[Short web captions]
[Start of section]
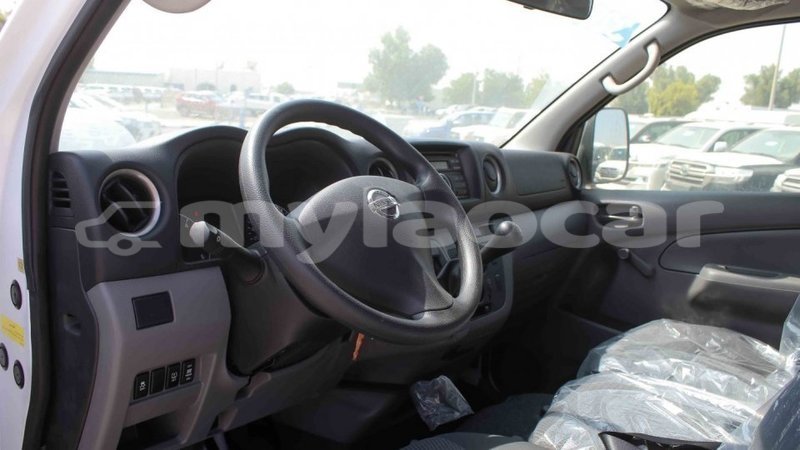 Big with watermark nissan urvan attapeu province import dubai 2679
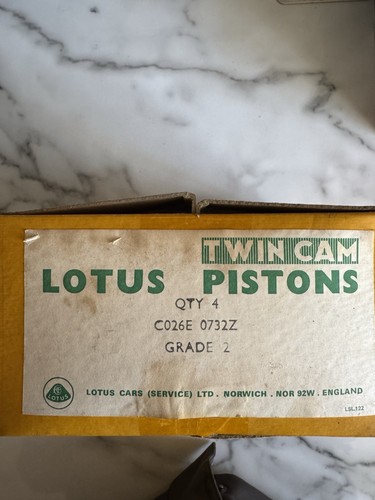 Lotus ford twin cam piston - /ford,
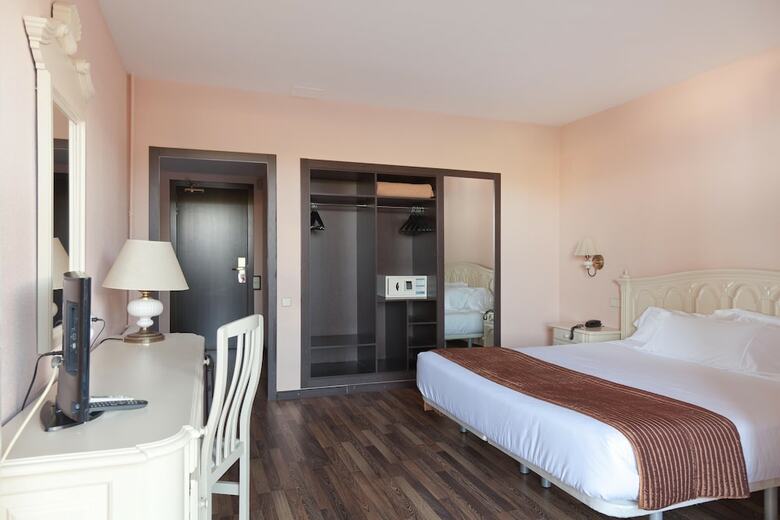 Hotel Roger De Flor Seleqtta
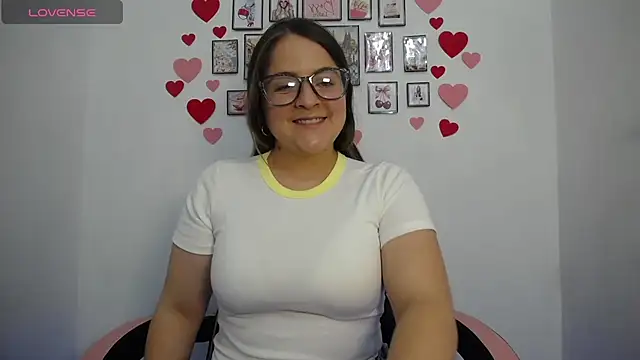 Pregnant Kloe online show from June 24, 2026, 7:35 pm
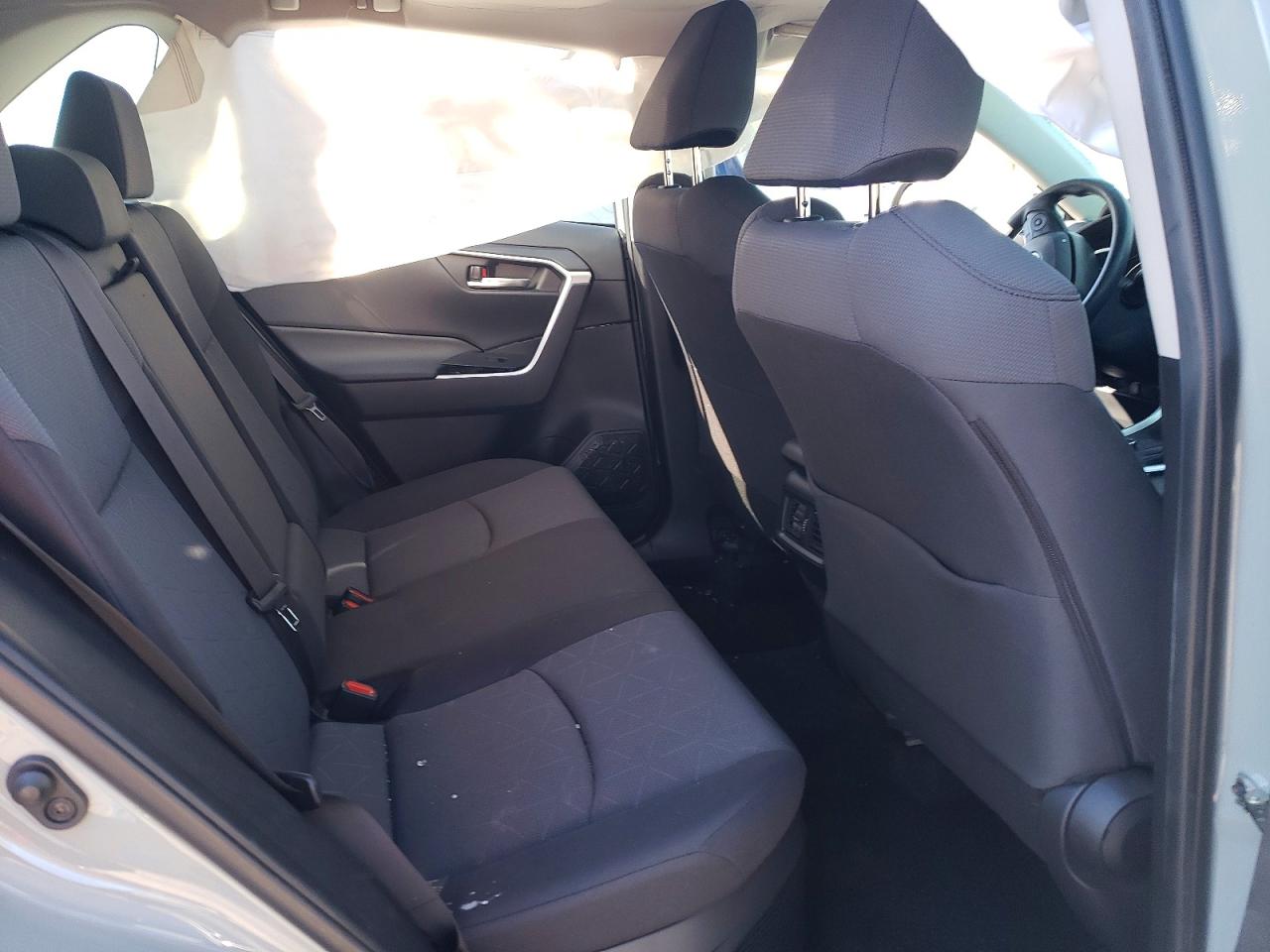 2019 TOYOTA RAV4 XLE photo 11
[End of section]
__TASK DESCRIPTION__
Reproduce every entry above exactly, and omit the pictures.

__FINAL ANSWER__
 Big with watermark nissan urvan attapeu province import dubai 2679
 Lotus ford twin cam piston - /ford,
 Hotel Roger De Flor Seleqtta
 Pregnant Kloe online show from June 24, 2026, 7:35 pm
 2019 TOYOTA RAV4 XLE photo 11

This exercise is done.